Nachdem der erste teil weltweit zum Kultphänomen wurde legte Raimi noch zwei weitere Teile nach: Tanz der Teufel 2, der 10 mal so viel kostete wie Teil 1 und schon deutlich humoristischer ausgelegt war. 1993 folgte dann der letzte Teil der Trilogie: Armee der Finsternis, der kaum noch auf Spallter und Gore, dafür umso mehr auf abgedrehten Humor und allerlei Wahnsinn zielte. In den nächsten Jahren zog sich Raimi dann aus dem Horrorbereich zurück und drehte einen Western (Schneller als der Tod), zwei Dramen (Ein einfacher Plan, Aus Liebe zum Spiel), einen Mysterythriller (The Gift) und eben die Spider-Man-Filme. Bei Spider-Man 3 sah man wieder raimis Vorliebe für abgedrehten Humor und anderes zeug, wie man es schon bei Tanz der Teufel zu sehen bekam, was den Fans extrem wenig zusagte, anderen aber (mir zum beispiel) gut gefiel. Nachdem Raimi auch den regieposten im vierten und fünften Spider-Man übernahm erklärte er, dass er zwischen den Spidey-Riesenproduktion noch einen kleinen Horrorfilm machen wollte: Der Titel?

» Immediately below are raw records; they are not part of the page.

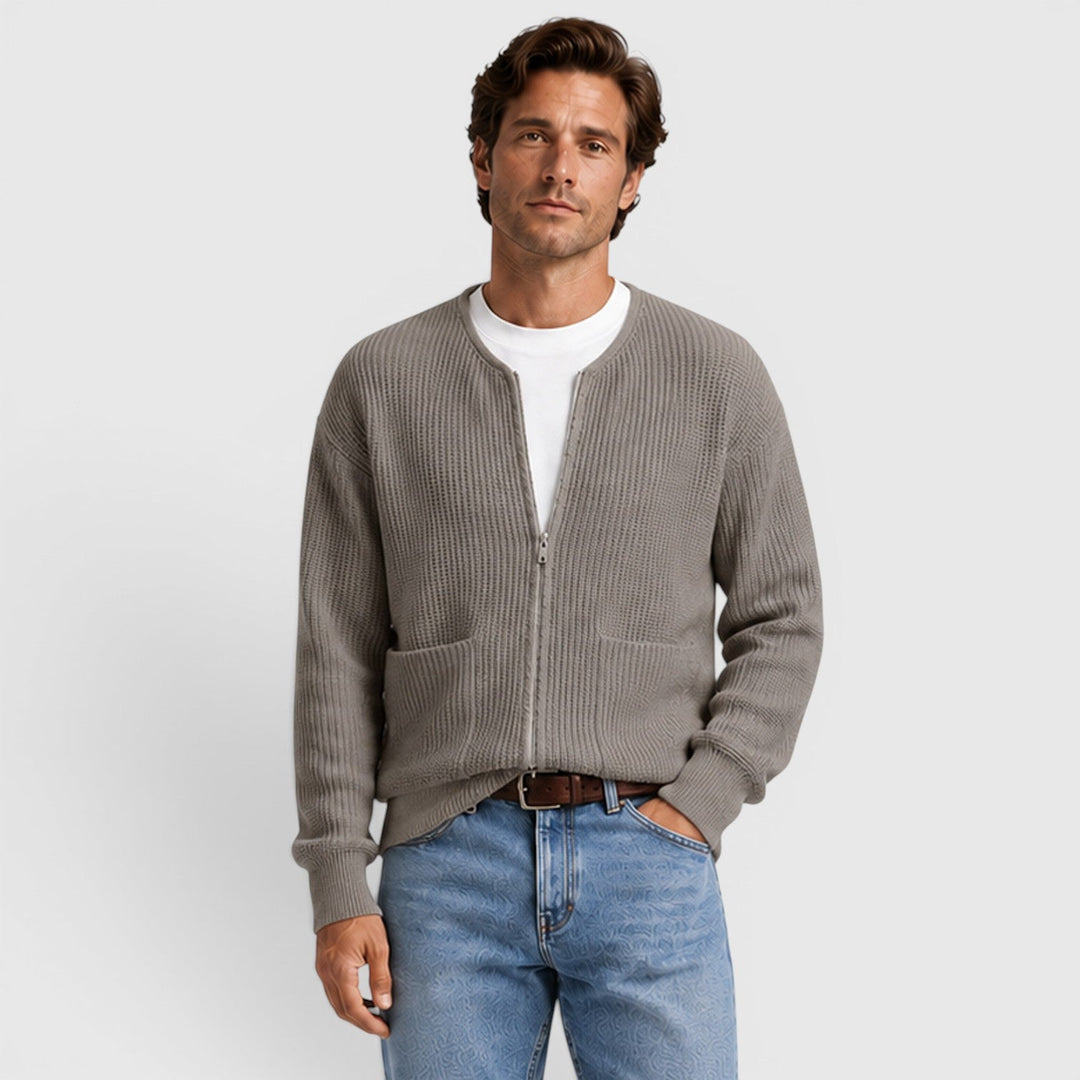Zip Strick Cardigan Herren Strickjacke Smart Casual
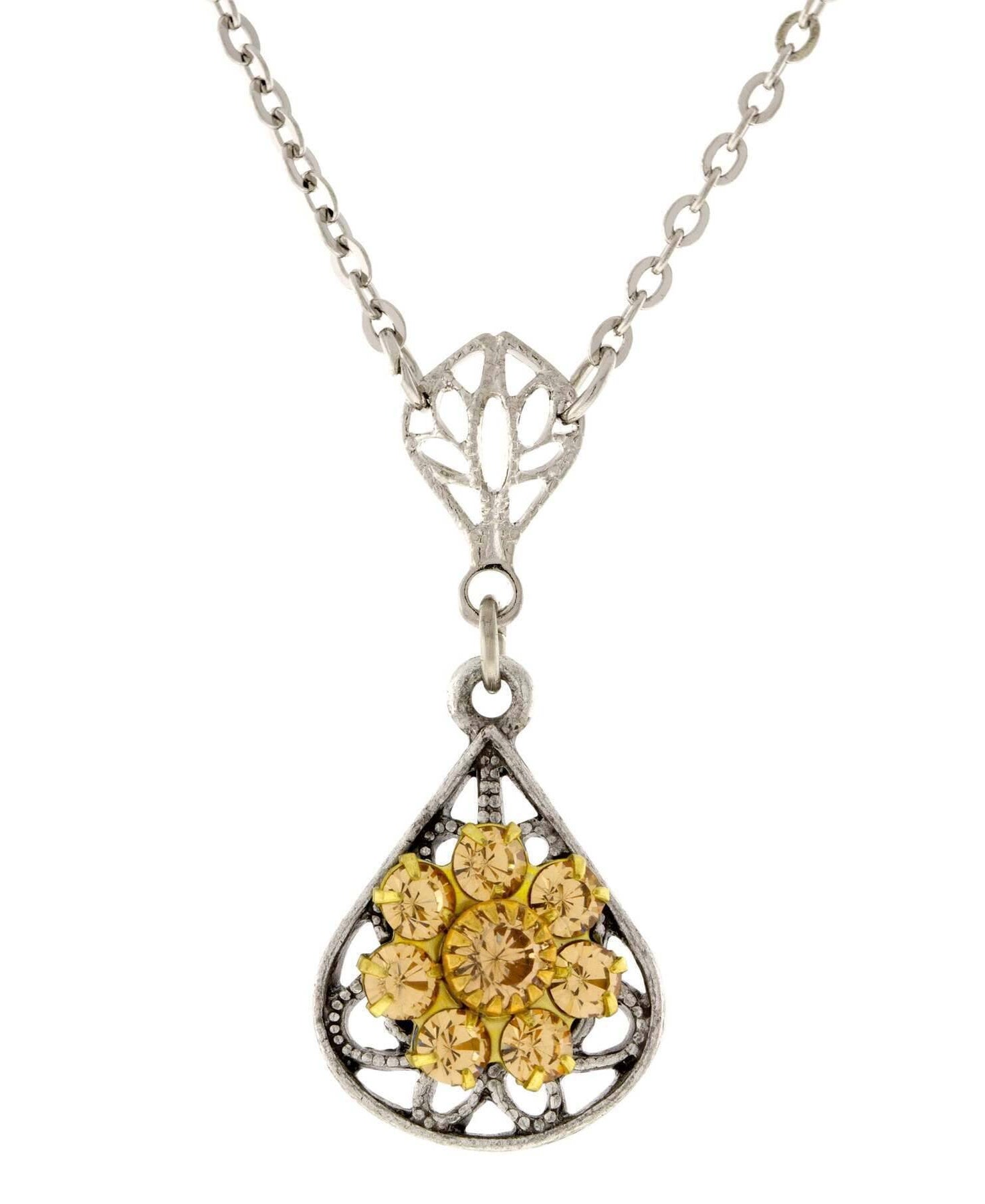 1928 Jewelry Flower Crystal Cluster Teardrop Pendant Necklace 16" + 3" Extender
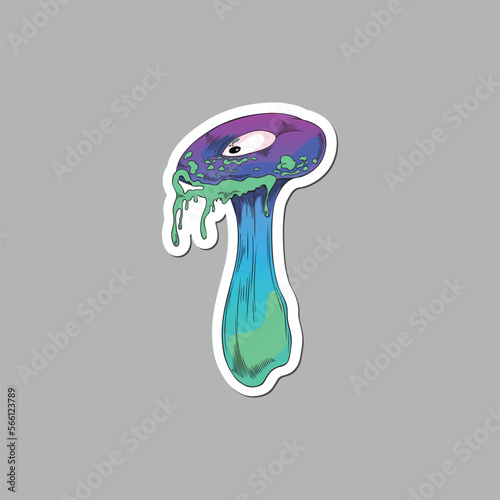 Sticker with toxic psychedelic hallucinogenic monster mushroom, vector isolated.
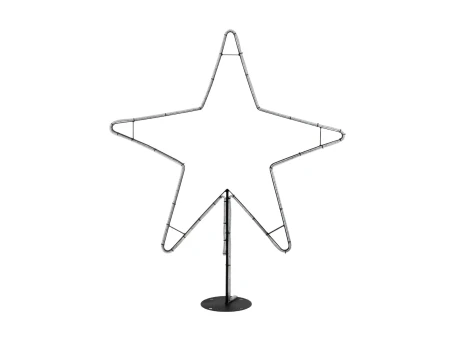 GLOBOSTAR® XMAS-STAR-BIG Χριστουγεννιάτικο Διακοσμητικό Φωτιστικό LED 19,5W 780lm 360° AC 220-240V Αδιάβροχο IP65 Θερμό Λευκό 2700K - Μαύρο & Διάφανο - M114 x Π25 x Υ132cm - 2 Χρόνια Εγγύηση
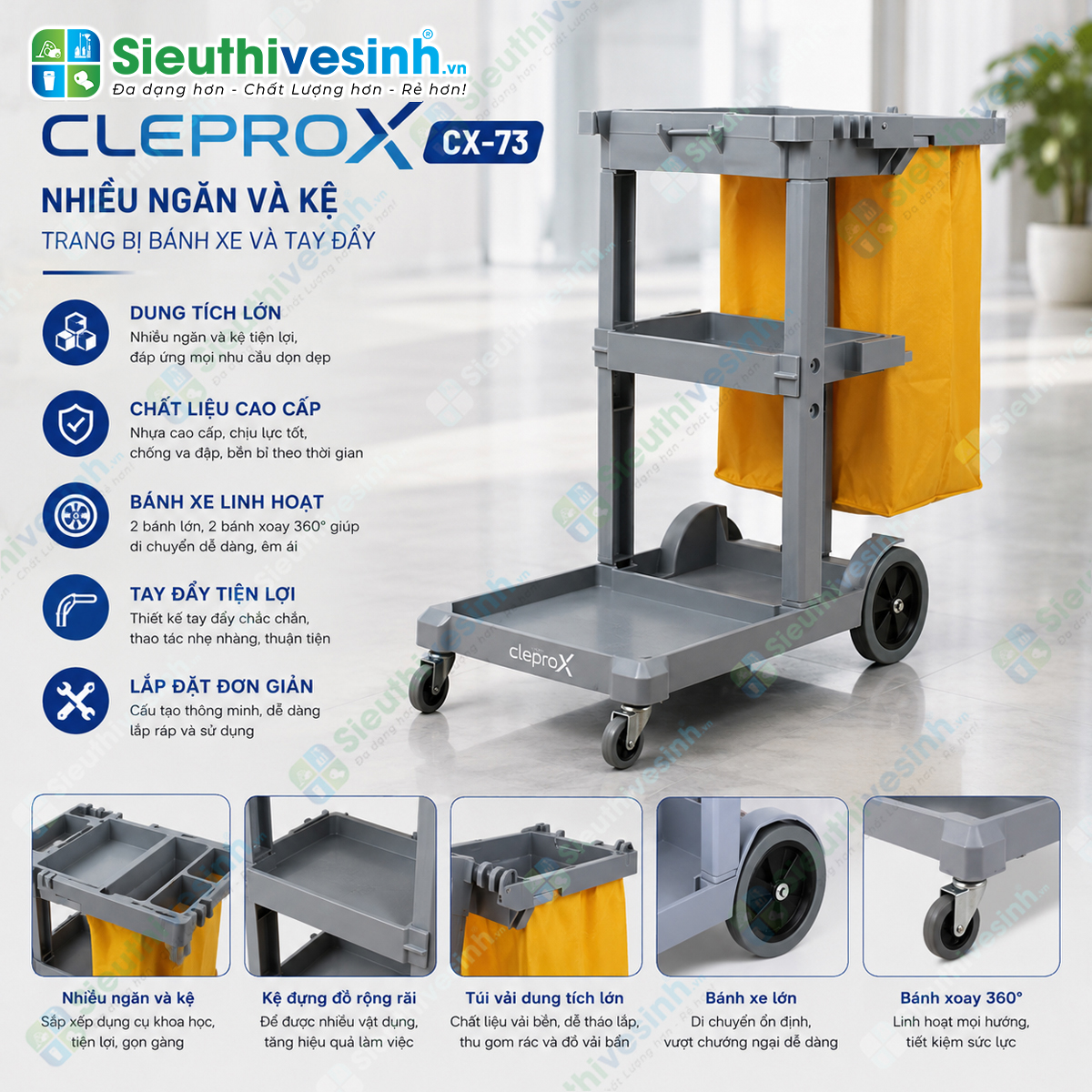 Xe đẩy dọn phòng khách sạn CLEPROX CX-73 thiết kế đa năng với nhiều ngăn chứa đồ và túi gom rác lớn, phù hợp cho công việc housekeeping chuyên nghiệp.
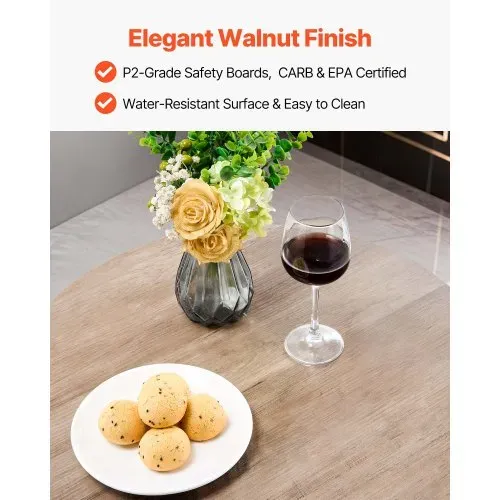 VEVOR Bartisch-Set (3-tlg.) mit 2 Barstühlen & abgerundeten Kanten, runder Kneipentisch Stehtisch (600 x 915 mm), Bistrotisch Esstisch Hellgrau, Schwarz, geeignet für Büro Minibar Frühstücksecke – Bild 3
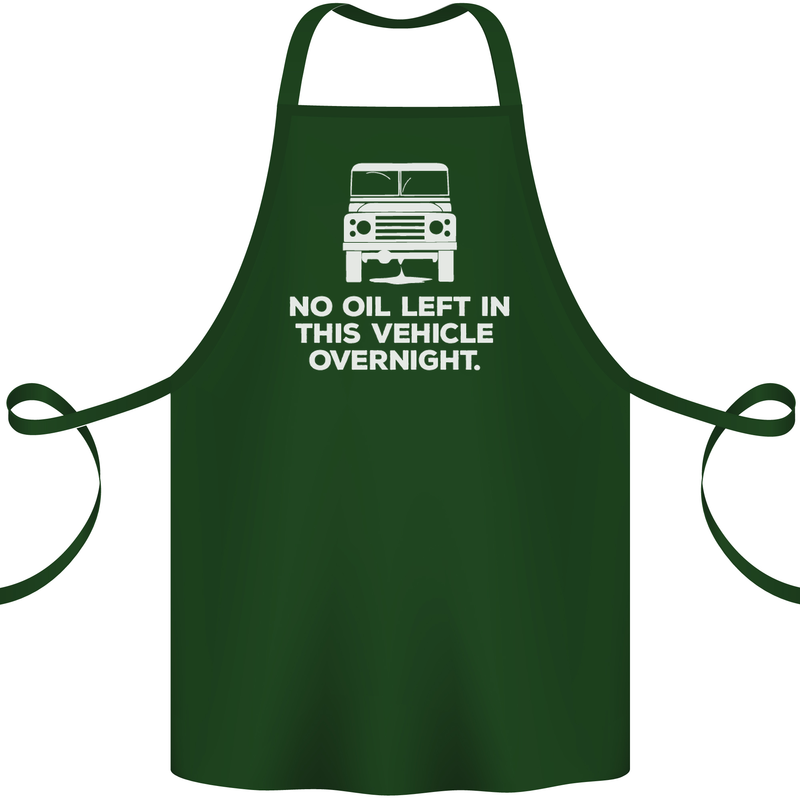 No Oil Left Vehicle Overnight 4X4 Off Road Cotton Apron 100% Organic Forest Green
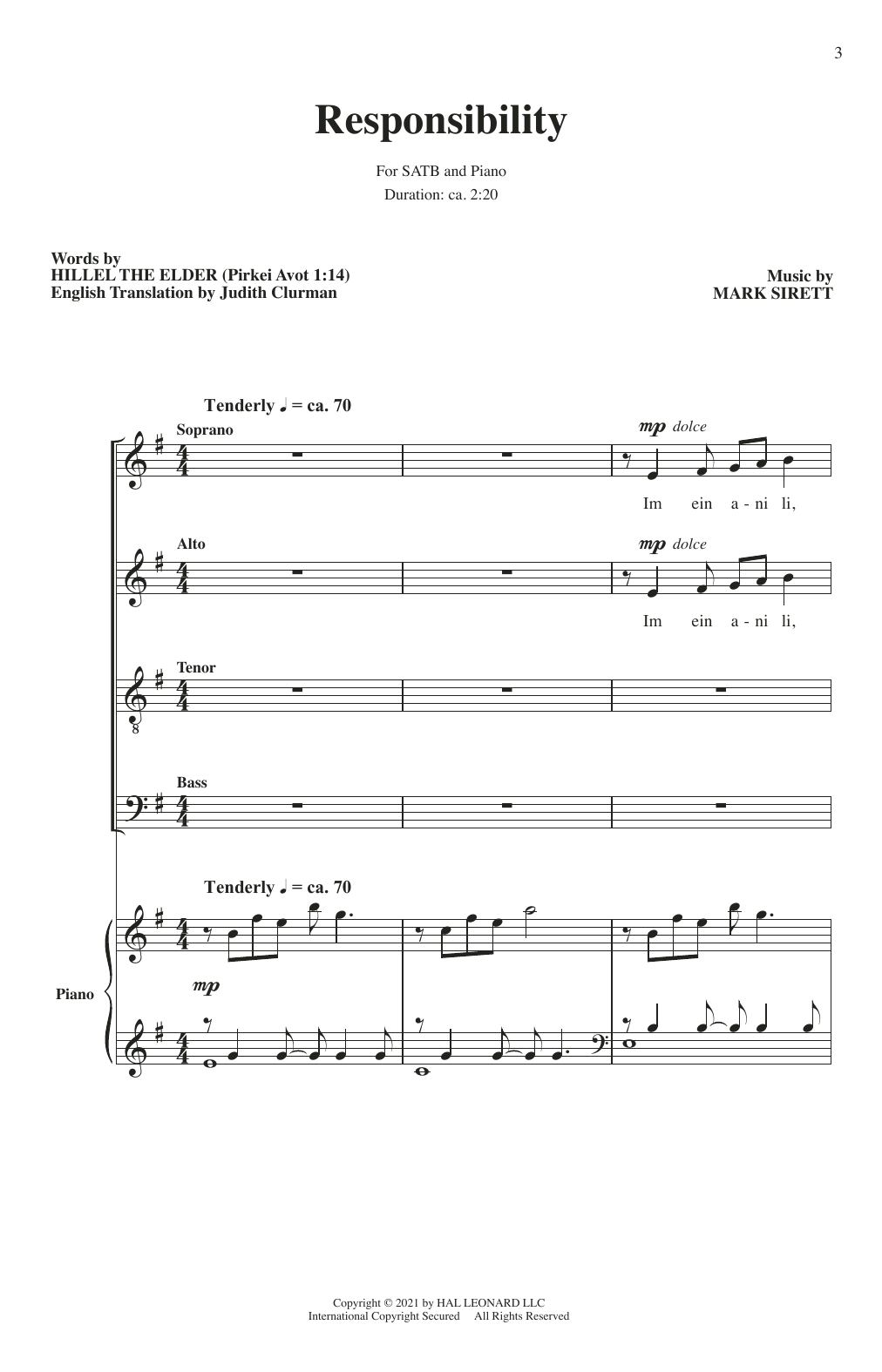 Mark Sirett Responsibility Sheet Music Notes & Chords for SATB Choir - Download or Print PDF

Drag Me to Hell; Das Drehbuch hatte er vor ungefähr 16 Jahren mit Bruder Ivan geschrieben. Ein kleiner Horrorfilm, der gleichzeitig altmodisch ist, aber auch den typischen Stil eines Sam raimi hat, klasse. Doch funktioniert ein Film mit Flüchen und Schreckeffekten in der Zeit von blutigen Gewaltexzessen á la Saw 5000 und Hostel überhaupt noch. Kurz und knapp: Ja!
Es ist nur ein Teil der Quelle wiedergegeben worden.